Scène VIII

Chrysante, Doris, Célidan, Clarice, Philiste

Chrysante , à Clarice.
Je viens après mon fils vous rendre une assurance

De la part que je prends en votre délivrance ;

Et mon cœur tout à vous ne saurait endurer

Que mes humbles devoirs osent se différer.

Clarice , à Chrysante.
N’usez point de ce mot vers celle dont l’envie

Est de vous obéir le reste de sa vie,

Que son retour rend moins à soi-même qu’à vous.

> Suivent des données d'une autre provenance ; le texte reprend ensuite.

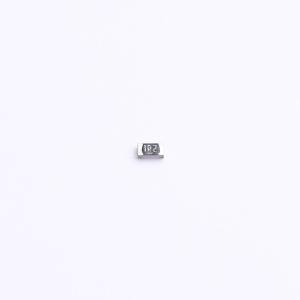 RT0603BRD071R2L商品缩略图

Ce brave cavalier accepté pour époux,

C’est à moi désormais, entrant dans sa famille,

À vous rendre un devoir de servante et de fille ;

Heureuse mille fois, si le peu que je vaux

Ne vous empêche point d’excuser mes défauts,

Et si votre bonté d’un tel choix se contente !

Chrysante , à Clarice.
Dans ce bien excessif, qui passe mon attente,

Je soupçonne mes sens d’une infidélité,

Tant ma raison s’oppose à ma crédulité.

Surprise que je suis d’une telle merveille,

Mon esprit tout confus doute encor si je veille ;

Mon âme en est ravie, et ces ravissements

M’ôtent la liberté de tous remerciements.

Doris , à Clarice.
Souffrez qu’en ce bonheur mon zèle m’enhardisse

À vous offrir, madame, un fidèle service.

Clarice , à Doris.
Et moi, sans compliment qui vous farde mon cœur,

Je vous offre et demande une amitié de sœur.

Philiste , à Célidan.
Toi, sans qui mon malheur était inconsolable,

Ma douleur sans espoir, ma perte irréparable,

Qui m’as seul obligé plus que tous mes amis,

Puisque je te dois tout, que je t’ai tout promis,

Cesse de me tenir dedans l’incertitude :

Dis-moi par où je puis sortir d’ingratitude ;

Donne-moi le moyen, après un tel bienfait,

De réduire pour toi ma parole en effet.

Célidan , à Philiste.
S’il est vrai que ta flamme et celle de Clarice

Doivent leur bonne issue à mon peu de service,

Qu’un bon succès par moi réponde à tous vos vœux,

J’ose t’en demander un pareil à mes feux.

(Montrant Chrysante.)
J’ose te demander, sous l’aveu de Madame,

Ce digne et seul objet de ma secrète flamme,

Cette sœur que j’adore, et qui pour faire un choix

Attend de ton vouloir les favorables lois.

Philiste , à Célidan.
Ta demande m’étonne ensemble et m’embarrasse :

Sur ton meilleur ami tu brigues cette place,

Et tu sais que ma foi la réserve pour lui.

Chrysante , à Philiste.
Si tu n’as entrepris de m’accabler d’ennui,

Ne te fais point ingrat pour une âme si double.

Philiste , à Célidan.
Mon esprit divisé de plus en plus se trouble ;

Dispense-moi, de grâce, et songe qu’avant toi

Ce bizarre Alcidon tient en gage ma foi.

Si ton amour est grand, l’excuse t’est sensible ;

Mais je ne t’ai promis que ce qui m’est possible ;

Et cette foi donnée ôte de mon pouvoir

Ce qu’à notre amitié je me sais trop devoir.

Chrysante , à Philiste.
Ne te ressouviens plus d’une vieille promesse ;

Et juge, en regardant cette belle maîtresse,

Si celui qui pour toi l’ôte à son ravisseur

N’a pas bien mérité l’échange de ta sœur.

Clarice , à Chrysante.
Je ne saurais souffrir qu’en ma présence on die

Qu’il doive m’acquérir par une perfidie ;

Et pour un tel ami lui voir si peu de foi

Me ferait redouter qu’il en eût moins pour moi.

Mais Alcidon survient ; nous l’allons voir lui-même

Contre un rival et vous disputer ce qu’il aime.